Brief. Which lines run from the one with "Black Chevrolet Silverado side profile" through the end of the data? Retype them exactly, without pictures.

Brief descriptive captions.
--

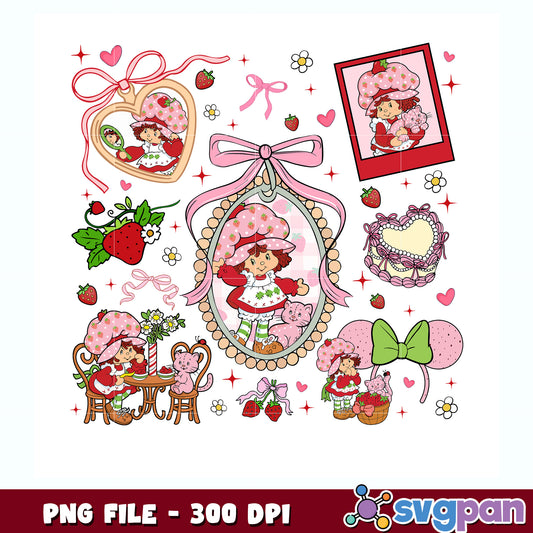 Strawberry shortcake design png, cartoon girl png, adorable character png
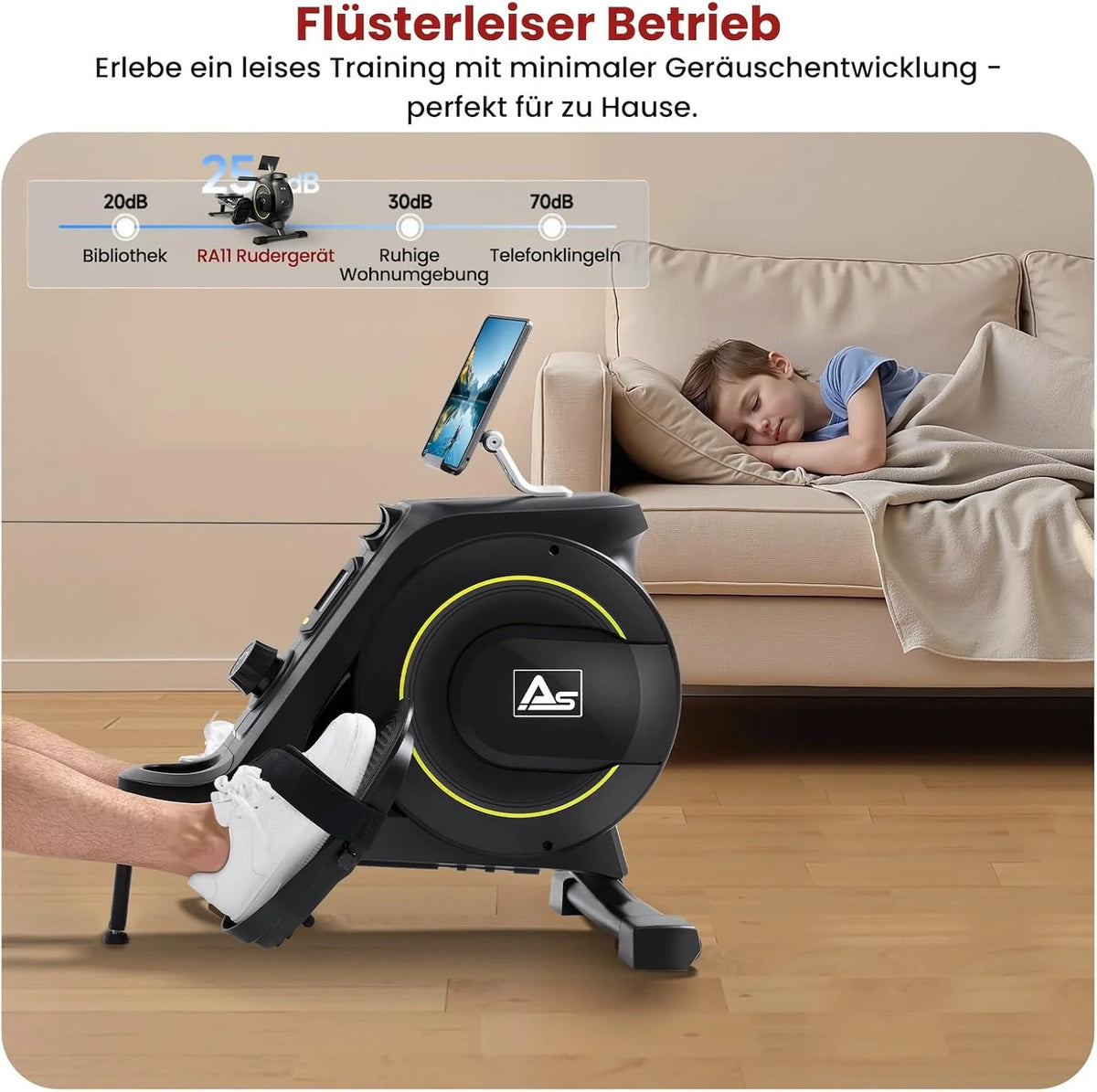 AsVIVA RA11 wioślarz składany | magnetyczny system hamowania i elektronicznie regulowany opór | wioślarz do domu | trening całego ciała i wytrzymałość | fitness | domowy trener do budowy mięśni i
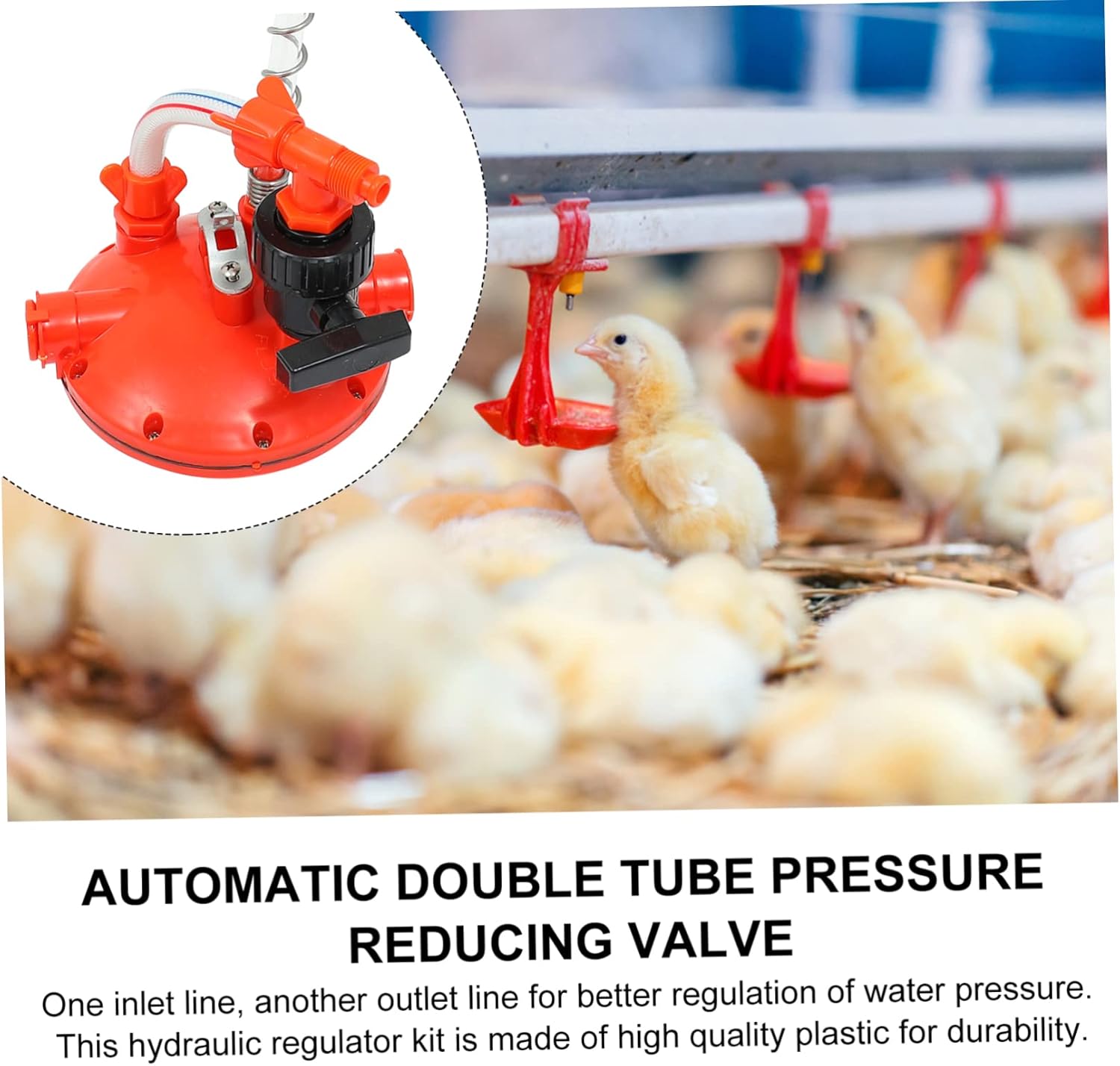 VICASKY Hens Water Dispenser Automatic Chicken Water Fountain Adjustable Pressure for Poultry Farm Use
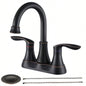 2 - Handle 4 - Inch Oil Rubbed Bronze Bathroom Faucet, Bathroom Vanity Sink Faucets with - up Drain and Supply Hoses
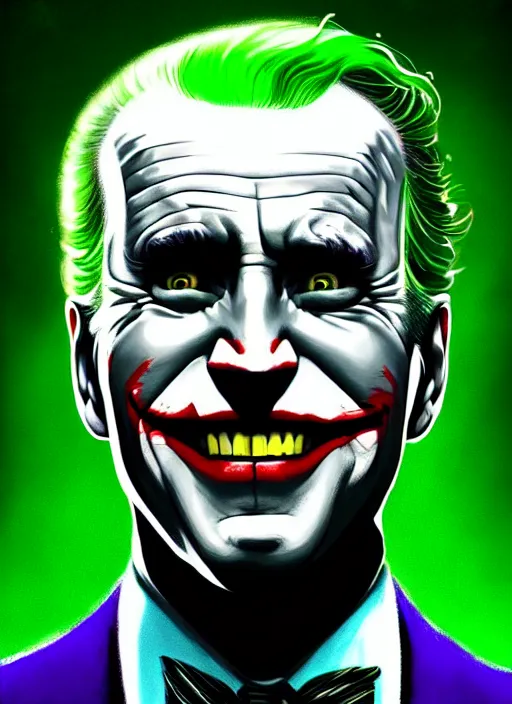 Image similar to portrait of joe biden as the joker, green hair, intricate, elegant, glowing lights, highly detailed, digital painting, artstation, concept art, sharp focus, illustration, art by wlop, mars ravelo and greg rutkowski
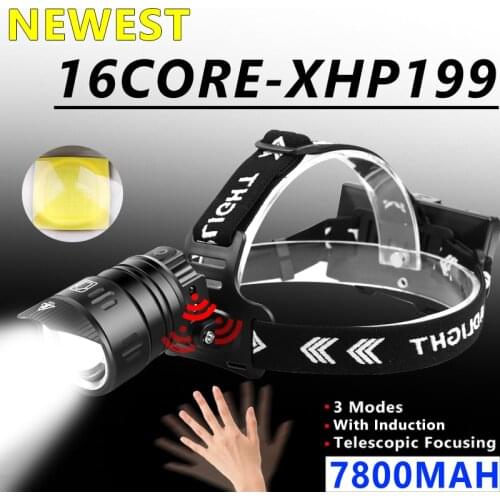 XHP199 Powerful LED Headlamp With IR Sensor 7800mAH USB Rechargeable XHP160 Headlight Flashlight Zoom Torch For Fishing Camping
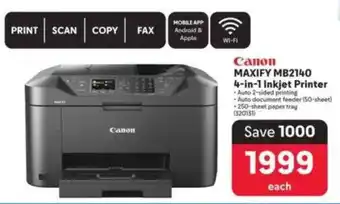 Makro Canon MAXIFY MB2140 4-in-1 Inkjet Printer offer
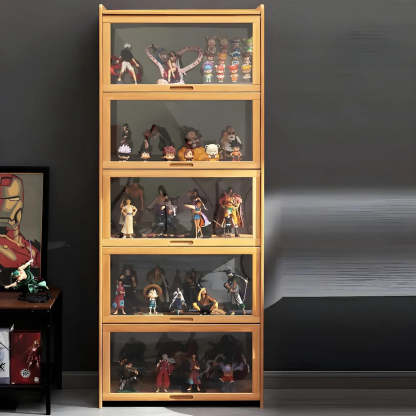 Rustic Natural Bamboo Curio Display Cabinet — Grey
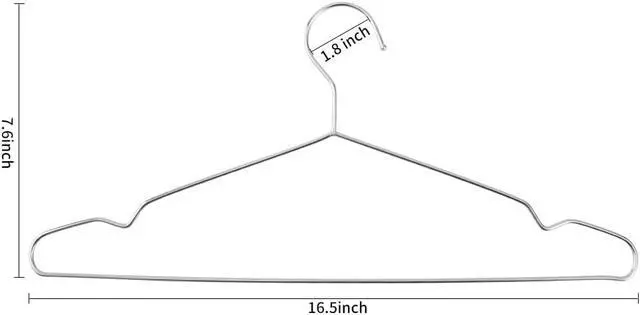 Alt view image 5 of 7 - Hangers 10 Pack Clothes Hanger Strong Heavy Duty Stainless Steel Metal Ultra Thin Space Saving Wire Hangers 16.5in by WYCQKL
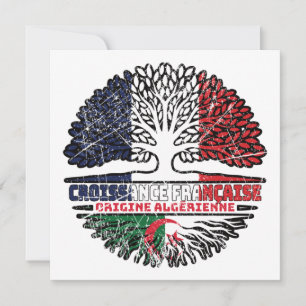 Algerien - Französisch-Französisch-Tree-Roots-Flag Karte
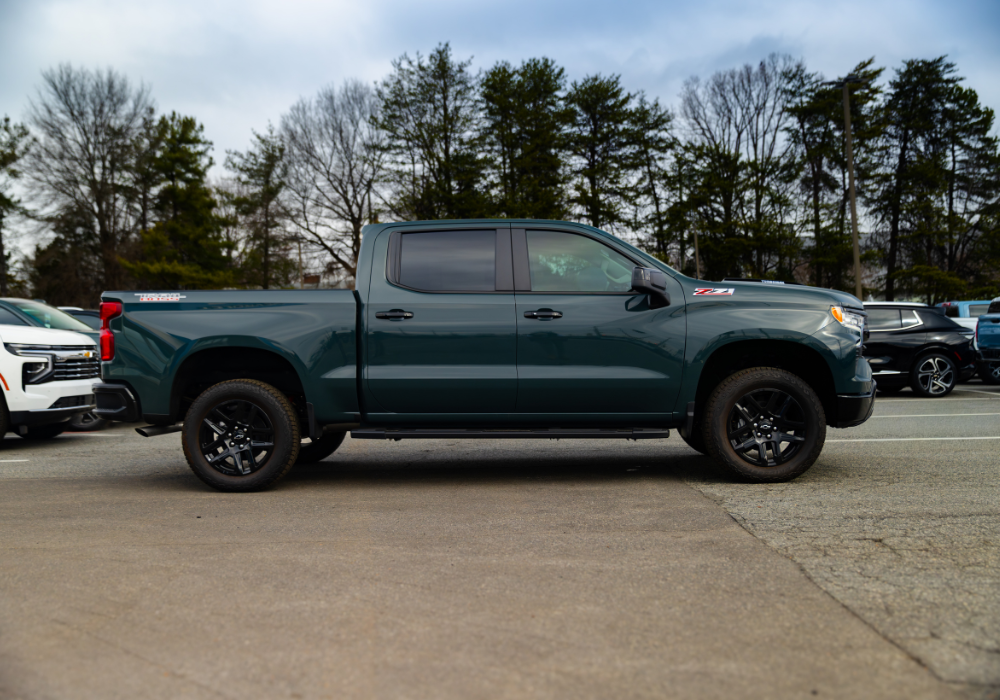 Black Chevrolet Silverado side profile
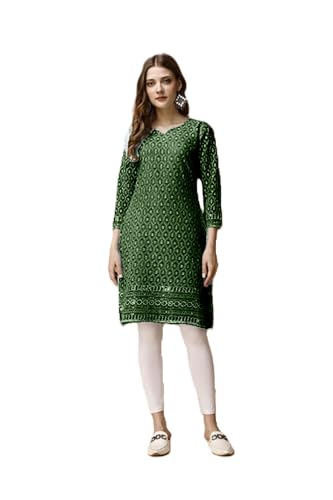 Estationeryhouse Chikankari Baumwolle Indische voll bestickt Kurti mit Futter für Frauen Sommerkleid Kurta Langarm mit Pailletten Arbeit auf Vorder- und Rückseite (keine Hose enthalten), flaschengrün, von Estationeryhouse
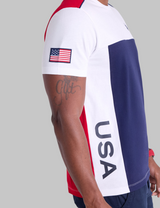USA COLORBLOCK PRINTED JERSEY T-SHIRT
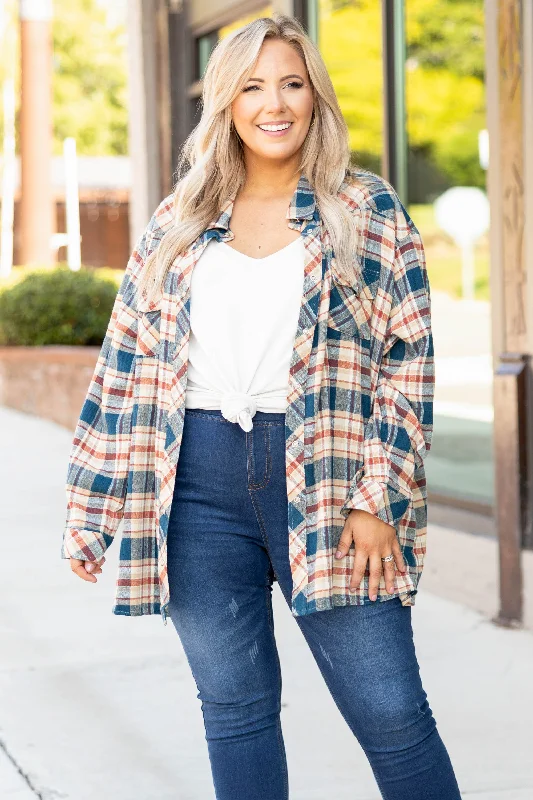 Weekend Offers That Shine Work Hard Flannel, Multi Navy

--

Answer section.
 Black Chevrolet Silverado side profile
 Estationeryhouse Chikankari Baumwolle Indische voll bestickt Kurti mit Futter für Frauen Sommerkleid Kurta Langarm mit Pailletten Arbeit auf Vorder- und Rückseite (keine Hose enthalten), flaschengrün, von Estationeryhouse
USA COLORBLOCK PRINTED JERSEY T-SHIRT
 Weekend Offers That Shine Work Hard Flannel, Multi Navy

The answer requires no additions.